Tuesday, April 14, 2015

Which is Worse: A Damaged Reputation or the Loss of a Key Employee?

Which is Worse: A Damaged Reputation or the Loss of a Key Employee?

This man isn't sure yet...but he'll know soon enough.


It’s an interesting juxtaposition.

Would your company suffer more from the loss of a key employee, someone who hit his numbers every month, has an exemplary track record with his clients, or whose visionary ideas helped shape the company – or a tarnished reputation brought on by an unforgivable social gaffe or, worse, a data breach revealing the personal information of countless customers?

In order to examine this fully, we’ll need to break it down into smaller pieces: The benefits of having a top-of-class employee working for you, and the negative effects of losing such a person in your workforce.  And, we’ll need to look at the payoff of having a great reputation versus the deleterious effects of having a bad one.

Benefits Brought by a Key Employee




Having a good employee at your disposal obviously carries a string of benefits. 

The work he’s assigned gets done, and, not just that – it’s meaningful to the company, so it ends up bringing in appreciable revenue, revenue which certainly would not have arrived if that employee hadn’t contributed his work. 

Having such an employee can also mean entirely new ideas for your company, from website tweaks that positively affect traffic and search engine ranking to an entirely new, successful product line. 
The possibilities are great.

Bad Effects of Losing that Key Employee


Conversely, what happens when that same employee that created all the extra revenue and had ideas no one else could muster ends up leaving your company?

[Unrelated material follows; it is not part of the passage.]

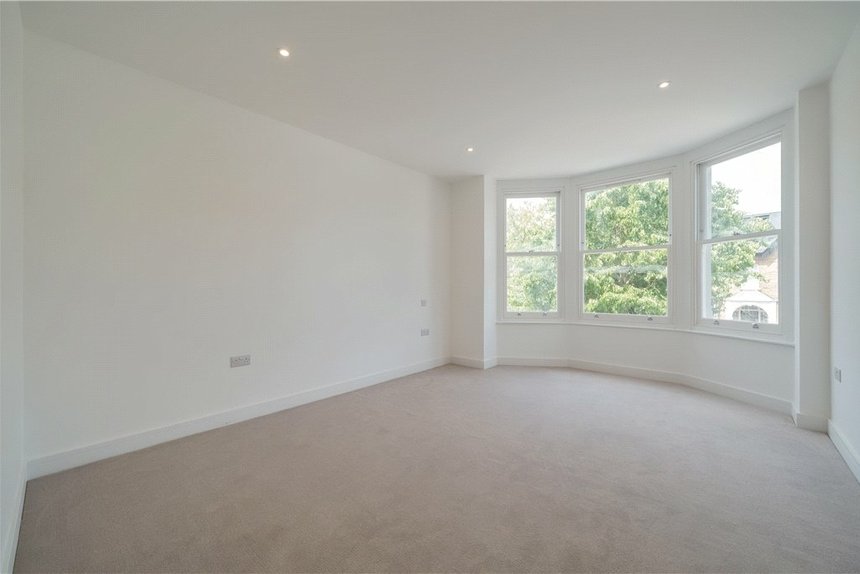 for sale freeland road london 38102 - Gibbs Gillespie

Certainly you can ride on his ghostly laurels for a time.  But, after that time, you’ll start to see a decrease in revenue because the production that key employee brought to the table simply isn’t there.
 
In time, after the key employee leaves, you might have some vestigial remains of his handiwork (such as that tweaked website you’ve told his successor not to touch) or the new product line that someone else oversees, but you won’t get the innovation back.

In short, you’ll return close to the productivity and revenue levels you were at before.  Your current clients might not notice much – maybe a different voice on the phone – but, you will.

Benefits Earned by a Great Reputation


Good reputation, on the other hand, can be thought of as something that happens when you have a good employee working for you. 

You garner a good reputation when someone visits the website that your star employee helped revamp and has a much easier time checking out and paying for his order.  He might tell his friends how easy it was, and he might even mention how you seem to have diversified your product lines, too.  He might write a review on Yelp, for that matter.  But, the principle is the same.  Good reputation comes from people saying good things about you.

The good thing about good reputation is it outlasts your star employees.  Whereas your influx of keen ideas might slow to a halt if your star producer leaves, people will remember how they felt when they read his work, when they surfed on his website, or when they bought the products he conceived of.  And, they’ll come back for more.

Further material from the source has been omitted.